Sage Elliott

Build Faster AI Pipelines with Union.ai Actors: Reuse Containers, Skip Cold Starts

When building real-world AI systems, performance isn’t just about how fast your models run when deployed — it's also about how efficiently your infrastructure supports them. If you're running complex, multi-step AI workflows (like fine-tuning, document ORC, batch inference, RAG pipelines, or multi-model ensembles), chances are you’ve hit some limitations of container spin-up overhead, cold starts, and duplicated resource initialization.

A common workaround is to turn parts of your pipeline into long-running services. But that trades one set of issues (cold starts, duplication) for another: persistent resource usage, complex autoscaling, and lost flexibility.

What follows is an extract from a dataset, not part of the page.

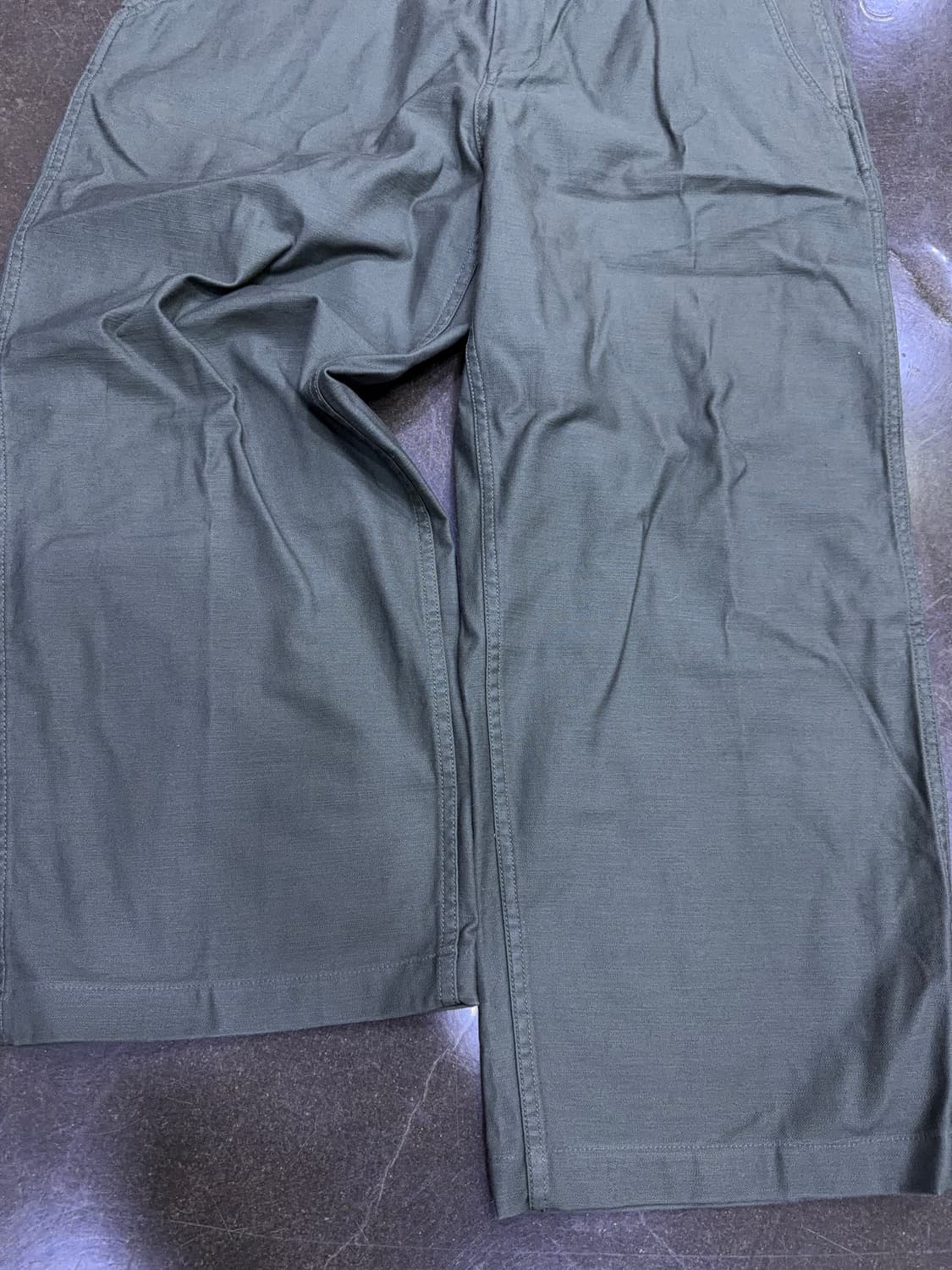 무신사스탠다드 백사틴 오피서 와이드 팬츠 올리브 36 상품이미지5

Union.ai Actors offer a smarter way.

Using Actors (reusable stateful containers) vs regular containers in workflows

What are Actors in Union.ai?

In simple terms, Actors let you reuse a container and its environment across multiple tasks, skipping the costly overhead of starting a fresh container every time. This is a Union-only feature that isn’t available in open-source Flyte — and for teams pushing the boundaries of AI and data pipelines, it's a game changer.

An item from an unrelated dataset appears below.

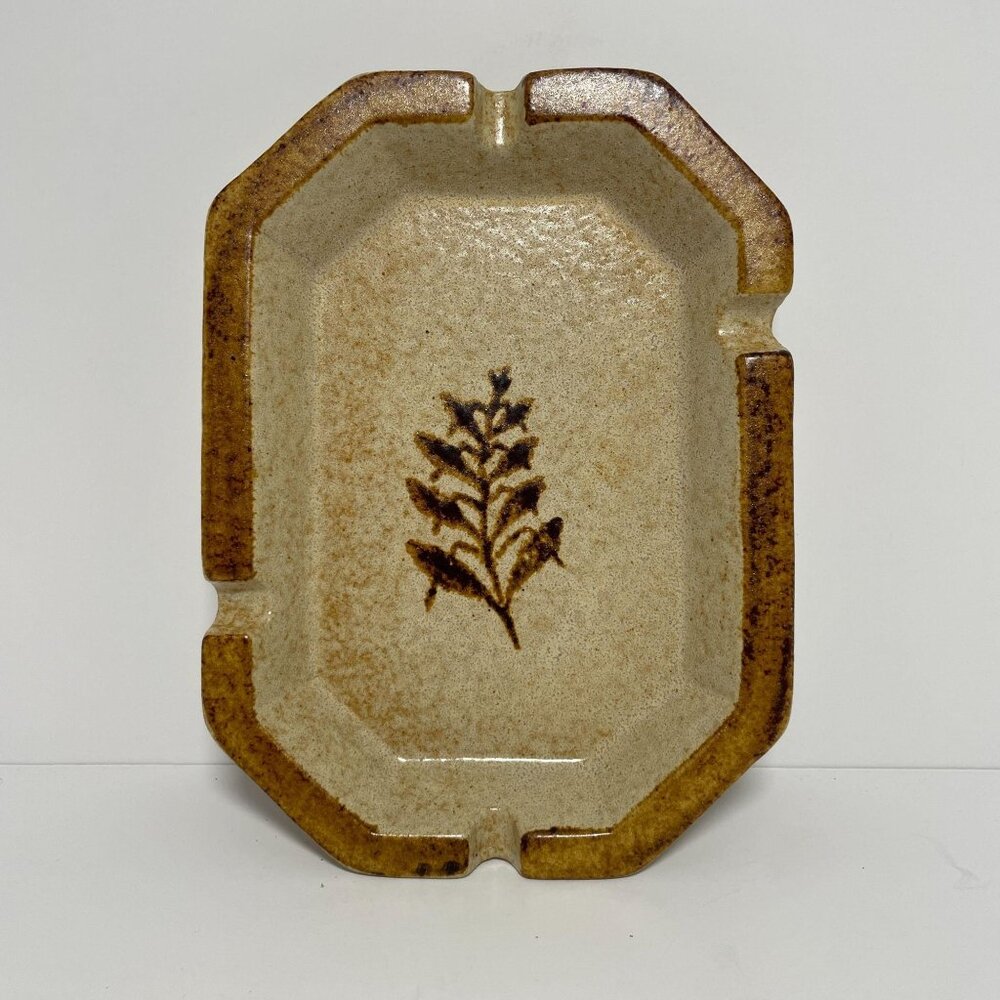Pottery‎ Craft Ceramic Mid Century Modern Ashtray Made In USA Tan Leaf Design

Union.ai Actors are ideal for:

  • Tasks with long setup times (e.g. loading large models or dependencies)
  • Repetitive operations that can share a warm container
  • Stateful resources that are expensive to re-initialize

Why Actors matter for complex data and AI pipelines

Let’s say you’re building a pipeline for genome sequencing analysis, where each sample might go through several computational biology steps:

  • Download and index a large reference genome
  • Preprocess sample files (e.g., quality filtering, alignment)
  • Run multiple tools like BWA, SAMtools, or GATK for variant calling
  • Aggregate and filter results
  • Format outputs for downstream interpretation

Without actors, every one of these steps may trigger a new container — even if they're all using the same model or shared data resources. That’s a ton of duplicated overhead, especially when loading models or initializing libraries takes seconds (or even minutes).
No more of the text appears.